Oysa, Osmanlı kadın hareketini, kadının "ikincil" konumunu değiştirmeye çalışan, bunu için paradigmalar üreten bir teori, bir "feminizm" yapmaktan alıkoyan başlıca unsur, kadınların belki farkında olmadan içselleştirdikleri, belki de aşmaya gayret etmelerine rağmen yerinden kıpırdatamadıkları ataerkil yapının kendilerini son kertede "ikincil" görmelerine neden olmuş olmasıdır. Bu post-Aydınlanmanın dişil gücünü doğuran "kadınların farklılığı" görüşünden bambaşka bir şeydir.
Avrupalı kadınlara benzetmek
Osmanlı kadını için "feminist" hedefler, görünüşünü bir ölçüde Avrupalı kadınlara benzetmek, onlar gibi gezip dolaşmak, ev dışında varolabilmektir. Feminizmin, bir teori olarak ortaya çıkmasını bu unsurların tartışılmasına borçlu olduğu inkar edilemez; Batı'da da anayasal ve siyasal hak istemlerinin öncesinde, kadınların kamusal alanda varolma çabalarını simgeleyen hareketler olmuştur.
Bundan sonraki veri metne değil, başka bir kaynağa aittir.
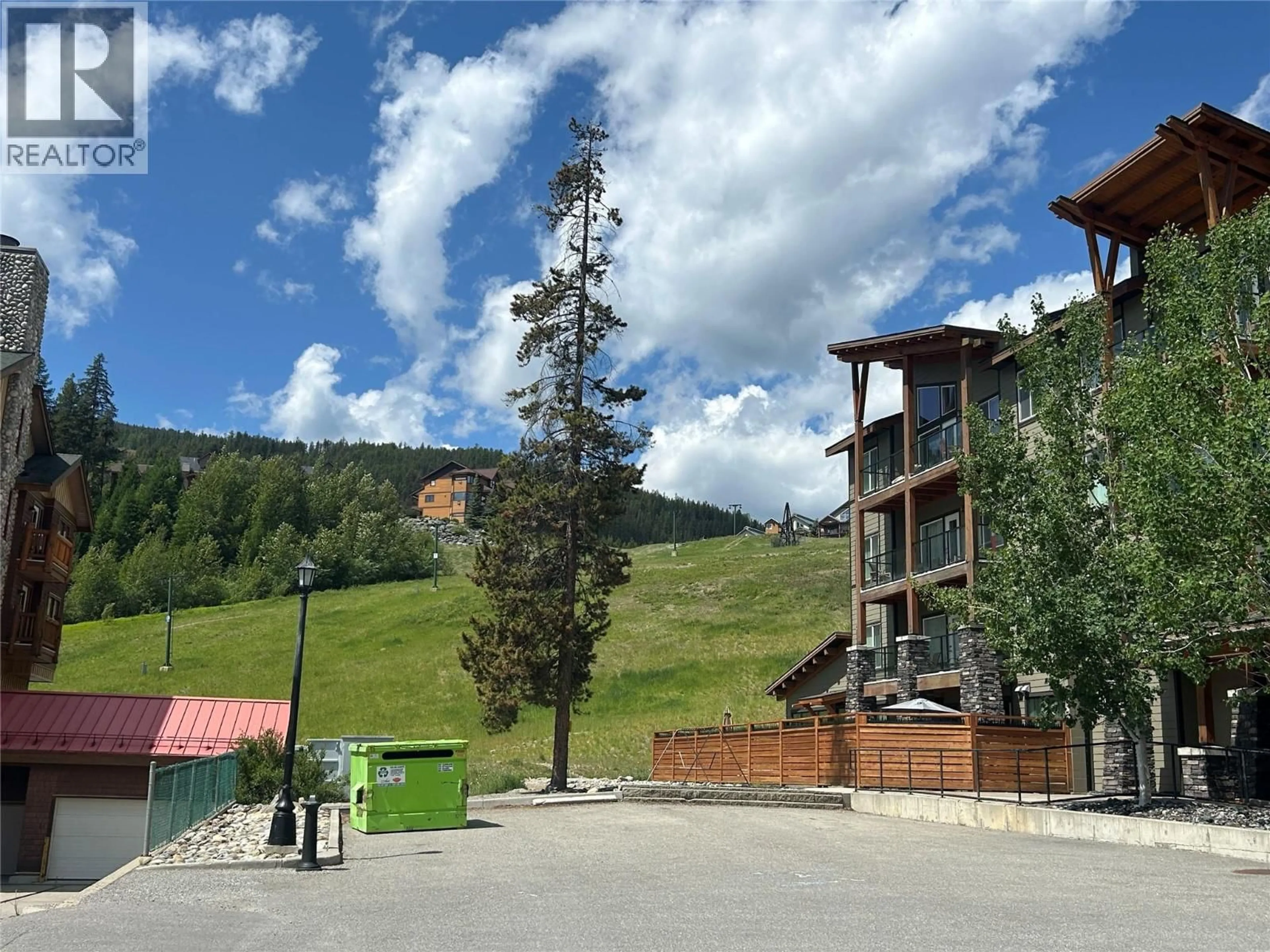 A pic from outside/outdoor area/front of a property/back of a property/a pic from drone, mountain view for 413 - 400 STEMWINDER DRIVE, Kimberley British Columbia V1A3E9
Osmanlı kadın hareketini de Batı'daki bu öncül hareketler ile olan benzerliğinden yola çıkarak değerlendirmek daha doğru olacaktır.
Bu ön kabul ile yola çıkmak, Osmanlı kadın hareketinde "feminizm"in gerektirdiği dinamikleri aramak ve bir "yokluklar silsilesi" ile uğraşmak yerine, dönemin toplumsal ve kültürel koşullarını irdelemeyi ve varolan dinamikleri çözümlemeyi daha önemli kılmaktadır. Bu açıdan dönemin yazılı üretimleri zengin birer kaynaktır. Osmanlı kadınlarının dergi ve gazeteler çıkartarak, toplantılar düzenleyerek "kamusal alan"a dahil olma çabaları, dönemin edebiyat yapıtlarında da farklı yansımalar yaratmıştır.
Kaynakça:
Berktay, Fatmagül. "Osmanlı'dan Cumhuriyet'e Feminizm." Modern Türkiye'de Siyasî Düşünce: Tanzimat ve Meşrutiyet'in Birikimi. Cilt 1. Ed. Mehmet Ö. Alkan. İstanbul: İletişim Yayınları, 2001: 348-361
Van Os, Nicole. "Osmanlı Müslümanlarında Feminizm." Modern Türkiye'de Siyasî Düşünce: Tanzimat ve Meşrutiyet'in Birikimi. Cilt 1. Ed. Mehmet Ö. Alkan. İstanbul: İletişim Yayınları, 2001: 335-347.